This section highlights how I called each of these programs and details about them. Feel free to skip straight to results!

GCC - Version 13.2.1 called with gcc <program_name> and executed as ./a.out.

Clang - Version 17.0.6 called with clang <program_name> and executed as ./a.out.

UBSAN - Version 17.0.6 called with clang -g -fsanitize=address,undefined,signed-integer-overflow -fno-sanitize-recover=all and executed as ./a.out.

Valgrind - Version 3.23.0 called with valgrind <executable_name>. The executables for Valgrind were created using Clang.

Frama-C - Version 27.1 (Cobalt) called with frama-c -eva <program_name>.

KCC - Version b9c152d5 called with kcc <program_name> and executed as ./a.out. I only managed to make kcc from Runtime Verification work with an Ubuntu 20.04 virtual machine.

Results

Winners

Although UBSAN had one more case of success, this is actually attributed to clang, which warns about the a = ++x * x++; case. So, if we consider that point as null, we come to two clear winners!

UBSAN & Frama-C's EVA are the winners!

All programs or were not approved by any programs, or were approved by at least both UBSAN and Frama-C with EVA. That means that these two were our top contenders! However, both of them are good at different things:

• UBSAN is a dynamic verifier;
• Frama-C with EVA is a static verifier;

That means that Frama-C is easier to use, as it doesn’t require a pipeline for running and executing applications. However, when a bug is encountered, UBSAN gives great debug information with details about the error and memory positions!

What about the ?! in KCC?

I had some trouble getting KCC to run, and when I did manage to make it run in a specific VM with an old version of Ubuntu, as recommended by Runtime Verification’s install guide, it would still silently crash.

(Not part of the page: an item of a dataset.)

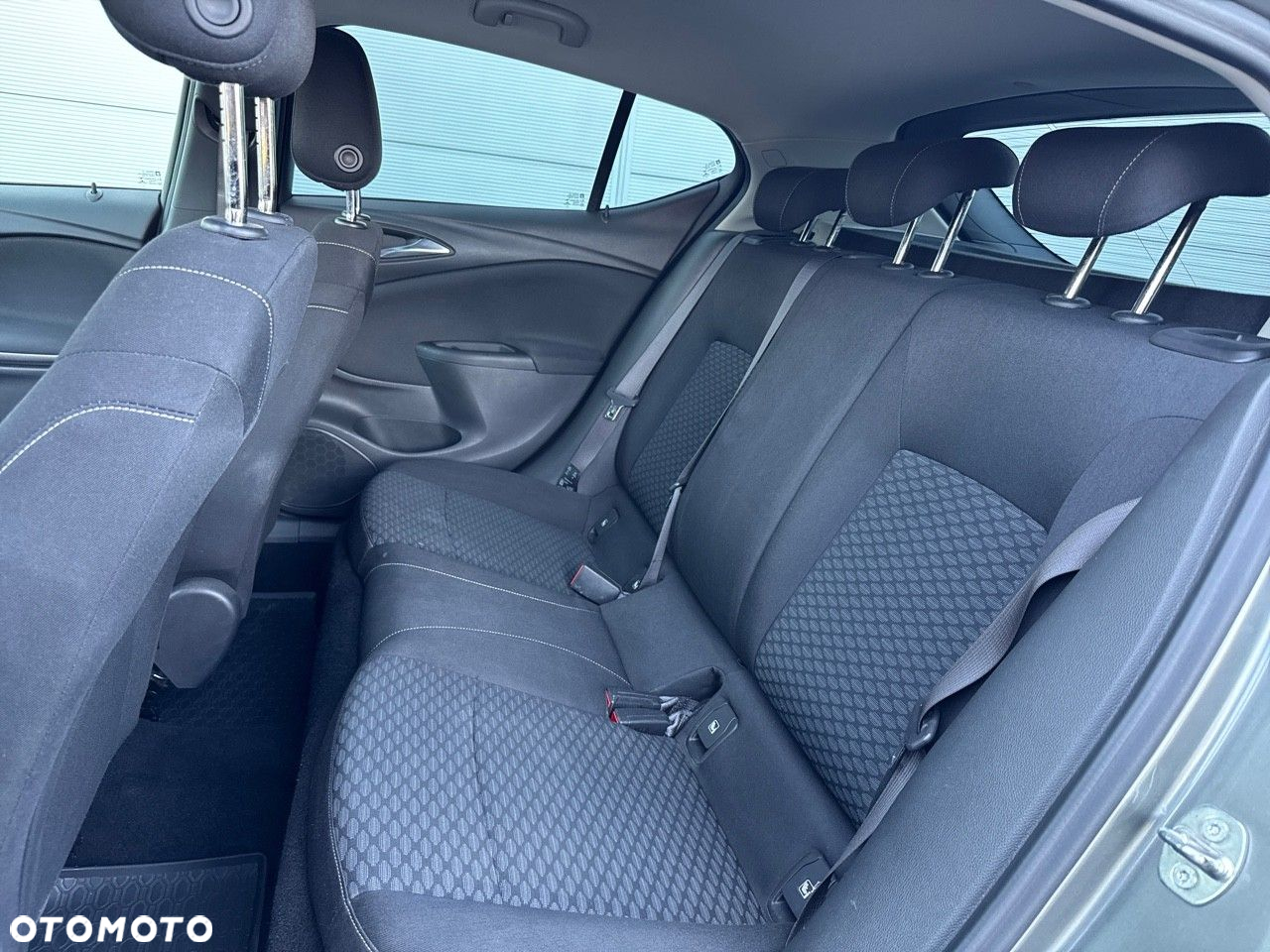 Opel Astra - 10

There are videos, including the one found in the homepage of RV-Match, that showcase it working fine. I decided to consider these silent crashes as ?!, because they seem to catch the errors, but handle them incorrectly. I assume that it might be an error of installation or lacking libraries.

Conclusion

Using a combination of these four tools—UBSan, Valgrind, Frama-C’s EVA plugin, and KCC—makes sense for producing correct C code, as each tool has unique strengths and covers different aspects of potential issues. No single tool is a strict subset of the others; they each have unique capabilities and areas of focus.

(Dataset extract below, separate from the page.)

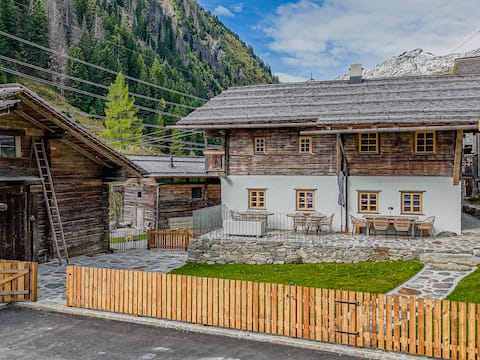 Cosy chalet with balcony and terrace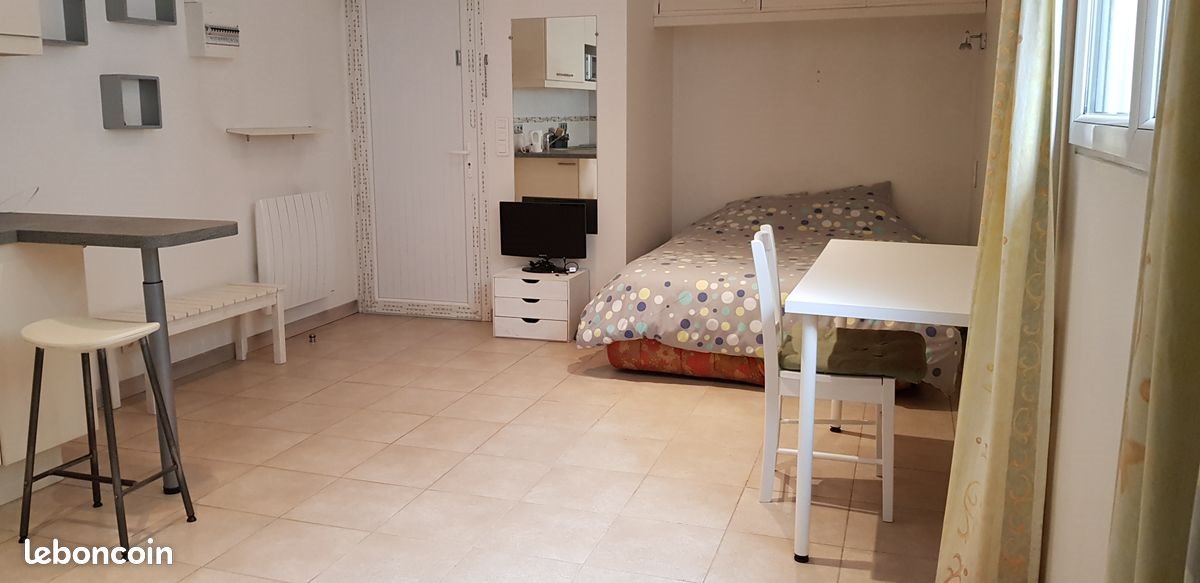 Appartement à louer, 27m², Chaville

For instance, UBSan, KCC and Valgrind all use runtime detection. However, KCC has a mission of catching all undefined behaviors, UBSan focuses on a broader approach to catch errors and reports them with more details and Valgrind focuses on memory-related errors. Frama-C’s EVA, in turn, catches issues before runtime through fast static analyses. Here’s an example of a production pipeline that incorporates these four tools.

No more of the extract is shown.